On Thu, Jun 27, 2019 at 10:48 AM Steve Richfield <[email protected]>
wrote:

> There seems to be a sort of universal confusion between "computer",
> digital computer", "stored program computer", et al.
>
> My very first computer program composed rock and roll melodies on a
> Borroughs E-101. It was a plugboard programmed electromechanical digital
> computer with no stored program.
>
> It WAS a computer, though not the sort that most folks here are used to
> dealing with.
>
>
 I would say it was 'computation' carried out on the basis of the physics
of the plugboard components. The 'program' or 'model', like that in
analog/neuromorphic computers, is hardwired and implicit. The variability
of parameters is in the adjustability in the suite of components available
to plug together.

My dad bought an ARP keyboard synthesiser in the 1970s. It was fantastic
fun. Same concept of plug-able interconnects. The same kind of
'computation' done on the basis of a known set of base functions (various
oscillators and modulation techniques). Computation of a model.

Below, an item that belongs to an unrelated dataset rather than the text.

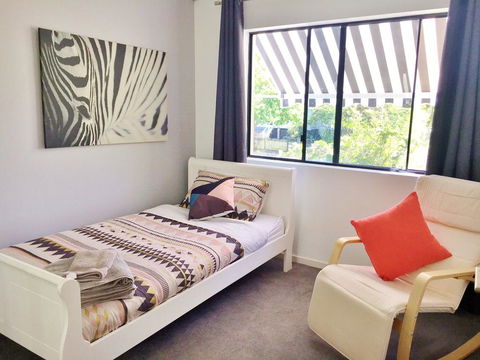 Villa Via Veneto - Accommodation Redcliffe 2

So my distinction is between 'computation' and 'computer'. By computer I
mean what ~100% of AGI folk use: Von_neumann digital. Of course this is a
very limited and poorly defined use of the word. But if you use the word
'computer' out in the real world, to neuroscientists, for example, that is
what the word invokes.

If you trundle over into 'neuromorphic computing' you'll see they almost
universally speak of 'computation' as 'emulation'. As if it isn't confused
enough.

If you and I, after 70 years, can still have an identifiable mismatch in
what we mean when we use the words COMPUTATION and COMPUTER, and clear
differences can be articulated, then we have proved that the science
disciplines involved (neuroscience and computer science) have no proper,
trained, understood, consistent grip on it either. Imagine that, after 70
years. And the entire project's goals are critically dependent on that
consistency. Use the word 'computer' in a paper. Use the word
'computation'. Use either word in an AI/AGI paragraph and then watch the
miscommunication go rife!

if you said 'to do AGI is to use a computer', what are you referring to? I
can build 2 AGI chips based on the brain. A) One with brain physics and B)
one with a digital computer physics computing a model of the brain physics.
Both are arguably 'computation' of some kind. Dress them both in the same
robot suit. *Which is AGI? *If that distinction in any way depends on the
difference in word meaning, the enterprise is in trouble and doesn't know
it.

You'd think that if AGI was properly set up as a profession, there's be no
mismatch in semantics. We'd all know what the words refer to and it would
be consistent.  The time for opinions is long passed.